Der zweimalige Deutsche U17-Meister erzählt zudem von seinen Trainingseinheiten unter Thomas Tuchel, der Hoffnung auf den Europa-League-Rekord und seiner gegenwärtigen Situation.
Herr Fritsch, 2014 und 2015 wurden Sie mit der U17 von Borussia Dortmund Deutscher Meister und galten als eines der größten Talente beim BVB. Nach Kreuzbandrissen in beiden Knien mussten Sie vor über zwei Jahren Ihre Karriere jedoch mit 19 Jahren beenden. Haben Sie bislang einmal öffentlich über Ihre Odyssee gesprochen?
Patrick Fritsch: Vor zwei Jahren einmal, überregional aber noch nicht. Ich bin also gespannt. (lacht)
Der BVB bot Ihnen nach dem Karriereende eine dreijährige Ausbildung an, die Sie nun im Bereich Internationalisierung absolvieren. Was ist darunter genau zu verstehen?
Fritsch: Es ist nach meiner Zeit als Fußballer sozusagen eine Umschulung über die Berufsgenossenschaft. Wenn man berufsunfähig wird, ist die Berufsgenossenschaft dafür zuständig, dass man wieder ins Berufsleben eingegliedert wird. Durch das Angebot des BVB war es glücklicherweise ein fast fließender Übergang für mich. Sonst wäre es wohl auch in diese Marketing-Richtung gegangen, nur dass ich mich bei weitaus weniger attraktiven Arbeitgebern hätte bewerben müssen.
Wie haben Sie mit dem Verein Übereinkunft darüber erzielt?
Fritsch: Ich hatte zusammen mit dem ebenfalls schwer verletzten Dario Scuderi Gespräche mit der BVB-Führung. Wir haben überlegt, wie man unser Schicksal in eine positive Richtung lenken kann, was uns beiden gefallen und vor allem auch dem Verein helfen würde. Bei den ausgeschriebenen Ausbildungsangeboten hat mich der Bereich Internationalisierung am meisten interessiert, das Marketing ist dabei untergegliedert.
Seit dem 1. August 2018 arbeiten Sie nun dort. Worum kümmern Sie sich genau?
Fritsch: Alles, was internationale Marketingmaßnahmen wie die Asien- oder USA-Reise betrifft, bereitet unsere Abteilung vor und führt durch. Wenn uns Sponsoren in Dortmund besuchen, bereiten wir die Planung des Aufenthalts und Durchführung der Maßnahmen vor. Es gibt auch einen täglichen Austausch mit den BVB-Büros in Singapur und Shanghai, die vor allem mit unseren Partnern aus Südostasien und China kommunizieren, so dass ich wiederum weiß, wie sie ticken und was während eines Aufenthalts bei uns Sinn ergibt. Ich durchlaufe auch jede Abteilung auf der Geschäftsstelle, das Hauptaugenmerk bleibt aber auf dem Marketing. Es ist sehr vielseitig und kein starrer Bürojob. Nebenbei gehe ich zweimal die Woche zur Berufsschule.

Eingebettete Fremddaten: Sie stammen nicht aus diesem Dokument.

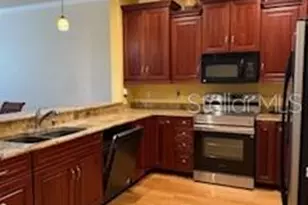 1027 Orca Ct, Holiday, FL 34691 - Photo 6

Ex-BVB-Talent Fritsch: "Sportlich aktiv werden ist undenkbar"
Zusätzlich sind Sie Teil des Trainerteams der Dortmunder U17. Wie kam das zustande?
Fritsch: Als ich mich für diese Umschulung entschied, fragte Lars Ricken, ob ich mir auch das Trainerdasein vorstellen könnte. Damals wollte ich aber etwas anderes machen, um einfach Abstand von allem zu gewinnen. Ich habe aber gemerkt, dass mir der Fußball fehlt und es mich dort hinzieht. Daher habe ich U17-Trainer Sebastian Geppert angeschrieben und gefragt, ob ich nicht zweimal die Woche eine Hospitation bei ihm machen könne. Zu ihm hatte ich einen guten Draht, denn ich war Teil seiner ersten Mannschaft, die er beim BVB trainierte.
Wie sieht dann also - sagen wir - ein handelsüblicher Dienstag bei Ihnen aus?
Fritsch: Es hat sich relativ schnell so entwickelt, dass ich jeden Tag wieder am Trainingsgelände war. (lacht) Die Bindung zur Mannschaft ist so einfach deutlich intensiver, um auch etwas Positives beitragen zu können. Nun beginne ich um acht Uhr mit der Arbeit im Büro, höre um 17 Uhr auf und um 18 Uhr geht das Training in Brackel los, wo ich an Vor- und Nachbereitung beteiligt bin. Gegen 20.30 Uhr fahre ich nach Hause. Wir haben erst zuletzt über meine Zukunft gesprochen. Alle beim BVB wissen, dass ich dem Fußball näherstehe als dem Bürojob. Der volle Fokus wird weiterhin auf der Ausbildung liegen, aber ich werde künftig Freiräume für die Trainerarbeit bekommen, damit es nicht mehr so zeitintensiv ist.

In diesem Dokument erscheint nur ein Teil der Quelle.